Protokollierung und Nachvollziehbarkeit
Relevante Konto-, Sicherheits-, Freigabe-, Zahlungs-, Integrations- und Administrationsereignisse werden protokolliert. Logs sollen keine Passwörter, Tokens, Zahlungsdaten oder unnötigen personenbezogenen Daten enthalten.
Backup und Wiederherstellung
Regelmäßige serverseitige Backups, beschränkter Zugriff auf Sicherungen und dokumentierte Wiederherstellungsprozesse. Restore-Tests werden als Betreiberkontrolle regelmäßig nachvollziehbar dokumentiert.
Datensparsamkeit
Formulare und Prozesse sollen nur erforderliche Daten erheben. SSO nutzt für die Anmeldung nur die erforderlichen Identitätsdaten. Test- und Demodaten werden synthetisch oder anonymisiert verwendet.
Supportzugriffe
Support erfolgt anlassbezogen, zweckgebunden und mit beschränktem Datenzugriff. Kunden sollen keine unnötigen sensiblen Daten in Supportanfragen übermitteln. Supportmaßnahmen werden auf das erforderliche Maß begrenzt.
Zahlungs- und Identitätsdienste
Stripe verarbeitet Zahlungsdaten überwiegend in eigener Zahlungsumgebung. Betriebskompass speichert nur erforderliche Zuordnungs-, Tarif- und Statusinformationen. Bei Google/Microsoft-SSO werden nur notwendige Identitätsdaten für die Kontoanmeldung verarbeitet.

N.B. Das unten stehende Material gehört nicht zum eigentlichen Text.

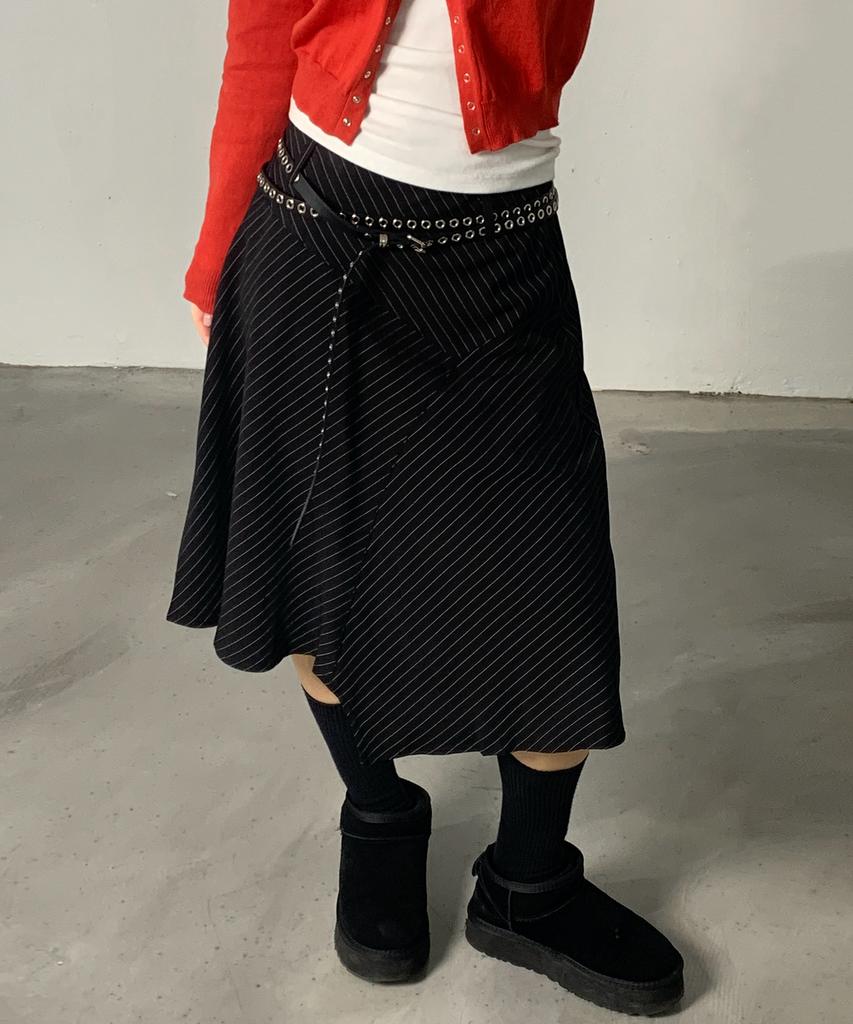 Chix Pinstripe Asymmetrical Midi Skirt Black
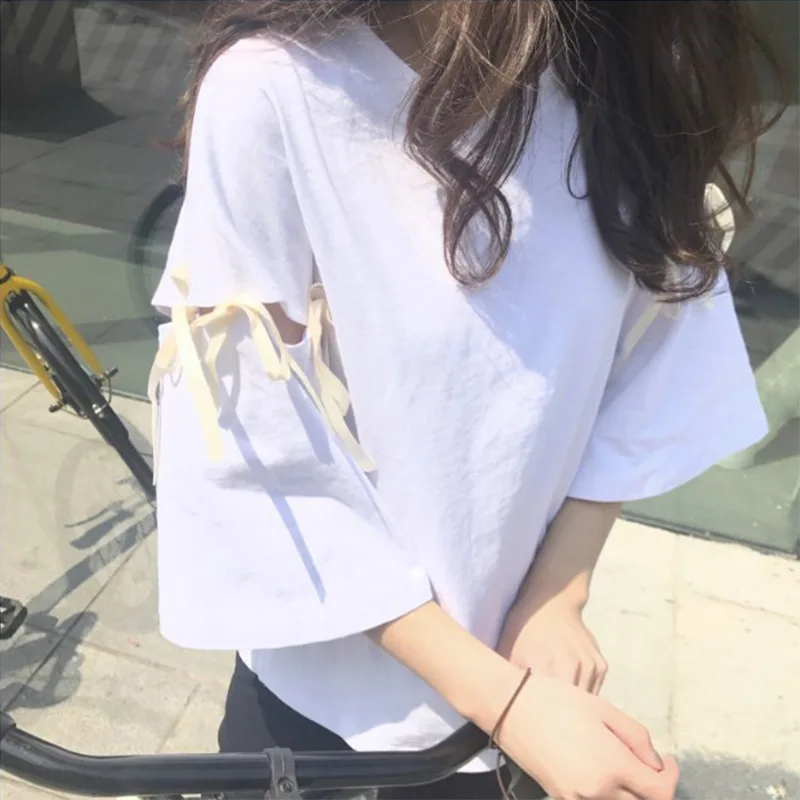 Футболки для девочек Новинка лета 2019 свободная женская футболка с вырезами и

Änderungs- und Sicherheitsmanagement
Sicherheitsrelevante Änderungen, Abhängigkeiten, Konfigurationen und Deployment-Schritte werden nachvollziehbar dokumentiert. Hinweise auf Schwachstellen können an den Sicherheitskontakt gemeldet werden.
Verfügbarkeit und Belastbarkeit
Der produktive Betrieb trennt Anwendung, Datenbank, Reverse Proxy, TLS, Backups und Wiederherstellung logisch. Wartungen und Sicherheitsupdates werden so geplant, dass Betriebsunterbrechungen möglichst gering bleiben.
Prüfung und Weiterentwicklung
Die Wirksamkeit der Schutzmaßnahmen wird anlassbezogen und im Rahmen des Betreiberbetriebs überprüft. Änderungen an Architektur, Dienstleistern, Integrationen oder Datenkategorien können eine Aktualisierung dieser TOM erfordern. Eine externe Prüfung oder Zertifizierung wird nur behauptet, wenn sie tatsächlich durchgeführt und dokumentiert wurde.